Начальная фраза, в которой Варийяс “находит” своего предшественника и пробует вписаться в прерванную традицию, содержит главную проблему — как продолжить традицию, правил которой не было создано, теоретическая база которой не была разработана вовсе и сам жанр которой не существовал. Слово “анекдот”, обозначающее в переводе в греческого языка “неопубликованное произведение”, употреблялось ранее только для обозначения статуса текста, а не как название жанра. Очевидно, именно Варийяс впервые использует его как жанровую номинацию. Французский автор, заранее защищаясь от потенциальной критики со стороны других историков, утверждал, будто Прокопий не оставил канона анекдотов лишь потому, что не успел завершить свой труд, или же, возможно, мы не имеем “mode d’emploi” по той причине, что часть текста была утрачена и именно в этих недостающих фрагментах Прокопий описал то, что, по предположению многих, он сделать забыл. Мнимая реконструкция канона изначально необходима Варийясу в том числе как надежная защита от критиков: “Мне… придется предпринять меры предосторожности, чтобы не быть осужденным с самых первых страниц моей книги, и представить те законы, по которым может судить меня непредвзятый читатель… предписания эти будут определены не моими прихотями, а только лишь примером Прокопия, который я всегда держу перед глазами…”[4]

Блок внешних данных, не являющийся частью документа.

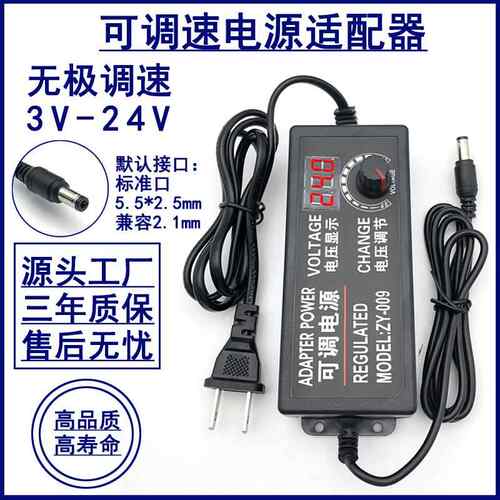 110v220V转3-24V36v可调电压变压器10A万能电源调速直流适配器48W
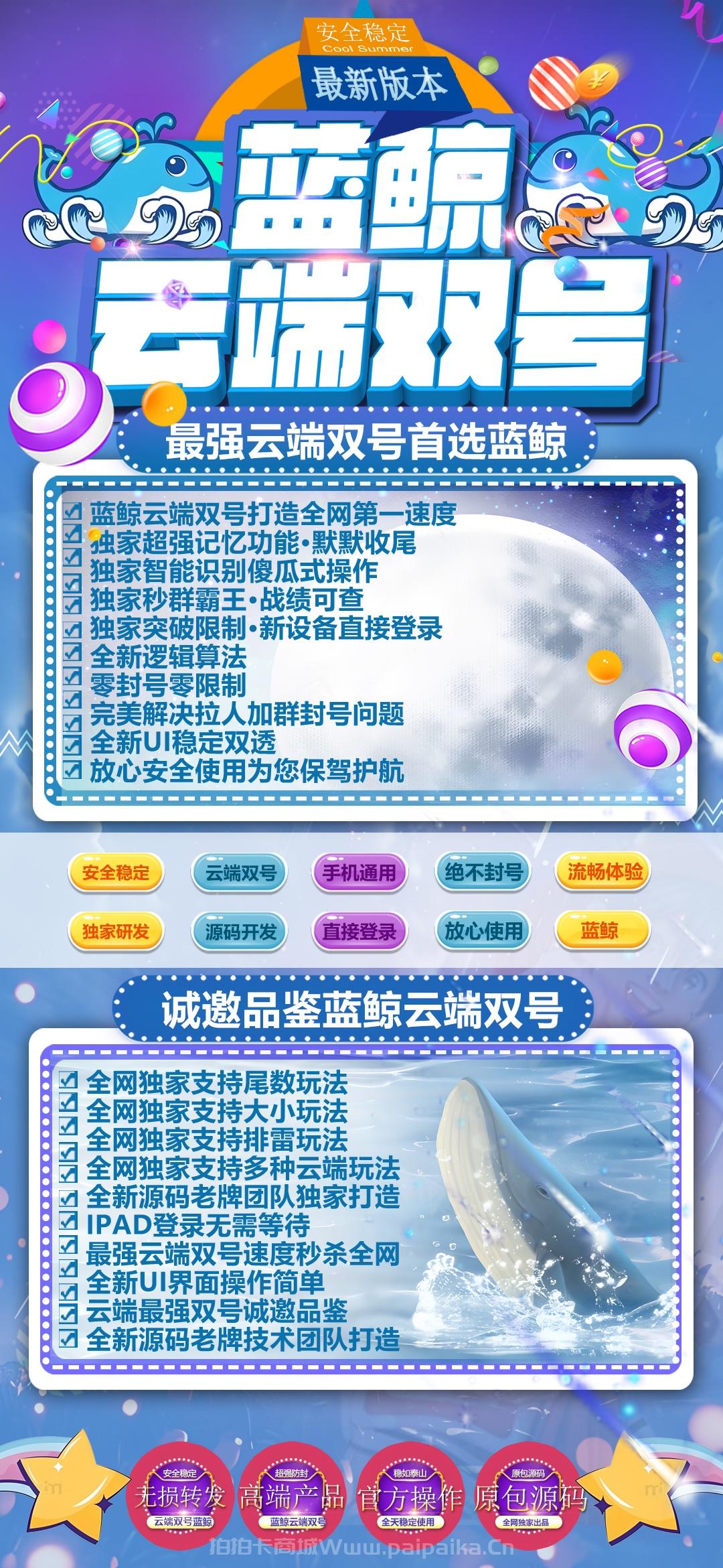 蓝鲸云端双号红包秒抢软件:安全稳定·秒杀全网的云端双号解决方案-_拍拍卡激活码商城_货源源头 蓝鲸云端双号红包秒抢软件:安全稳定·秒杀全网的云端双号解决方案-_拍拍卡激活码商城_货源源头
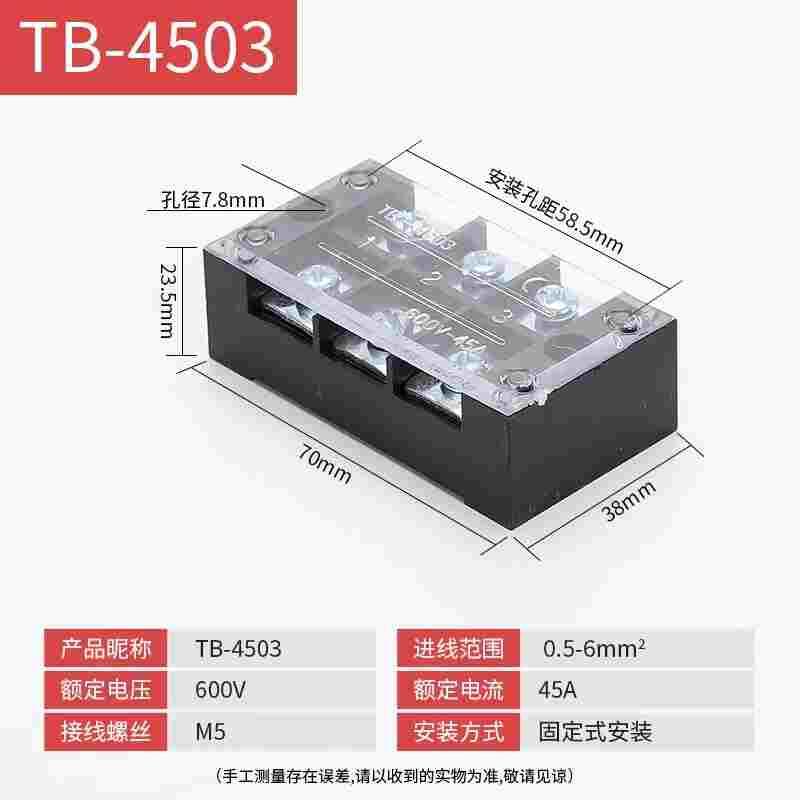 TB接线端子排接线柱铜电线TB1503连接排线排端子排导轨式连接器 T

представить на суд читателя произведение, cозданное в согласии с его предписаниями. Новоевропейская поэтика анекдота зарождается на основе условной реконструкции отсутствующих “классических” правил: Варийяс, не различая собственный и чужой текст, мастерски навязал читателю принятие никогда не существовавшего канона, причем заявление о намерениях восстановить утраченные правила, естественно, не могло вызвать обвинений в мистификации, ведь он открыто сообщил о своих планах. С помощью ссылки на два авторитета (король, то есть Королевская типография, и Прокопий) французский историк навязывал читателю свои правила игры: изначально задумав выполнить свой труд в духе Прокопия, он уже во втором абзаце предисловия из подражателя превратился в новатора.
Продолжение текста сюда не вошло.